> Exercise data
----------------
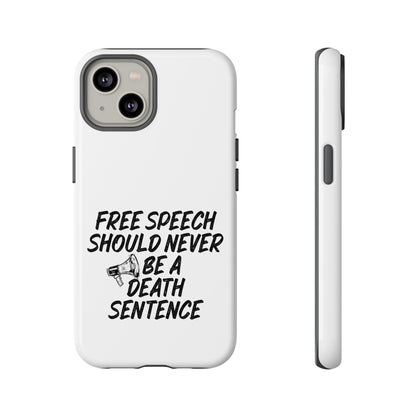Bold Case for Free Speech Advocates, Phone Cover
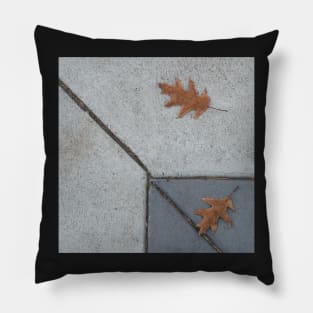 Fall Sidewalk Pillow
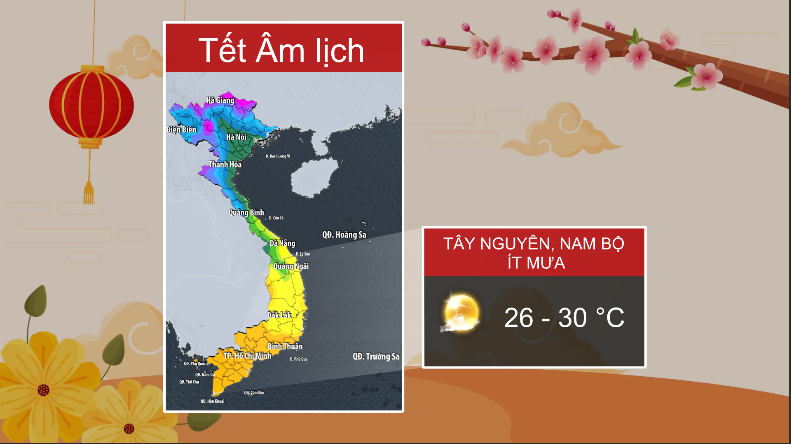 Dự báo thời tiết Tết Nguyên đán Ất Tỵ 2025 - Ảnh 3. Tết Nguyên đán Ất Tỵ 2025 dự link đăng nhập m88 sẽ rét hơn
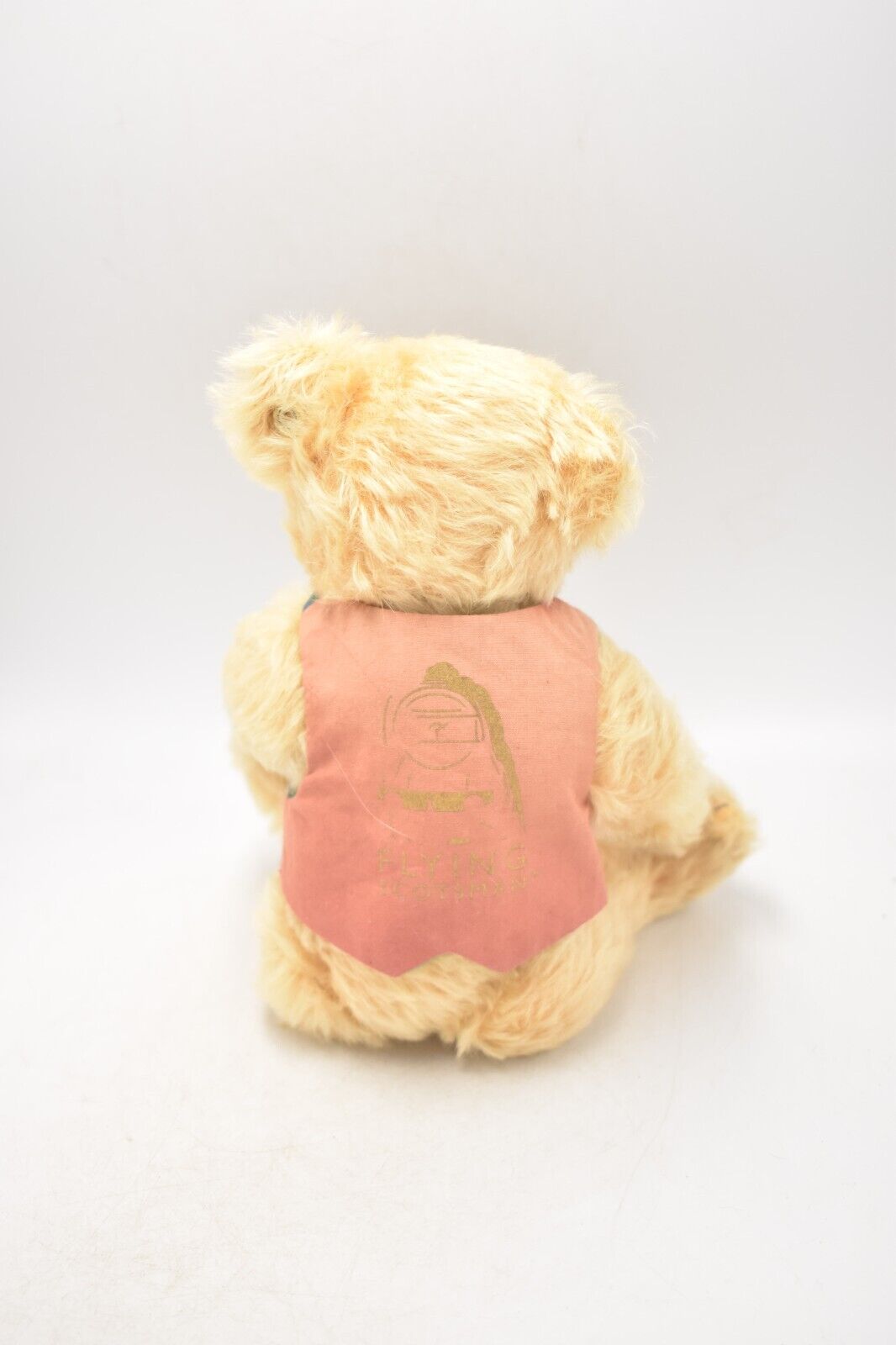 Steiff The Flying Scotsman Teddy Bear 004230 – Retired, Golden Mohair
----------------
> Directions for this task
Repeat the listing word for word, omitting the pictures.

> Response to the task
Bold Case for Free Speech Advocates, Phone Cover
 Fall Sidewalk Pillow
 Dự báo thời tiết Tết Nguyên đán Ất Tỵ 2025 - Ảnh 3. Tết Nguyên đán Ất Tỵ 2025 dự link đăng nhập m88 sẽ rét hơn
 Steiff The Flying Scotsman Teddy Bear 004230 – Retired, Golden Mohair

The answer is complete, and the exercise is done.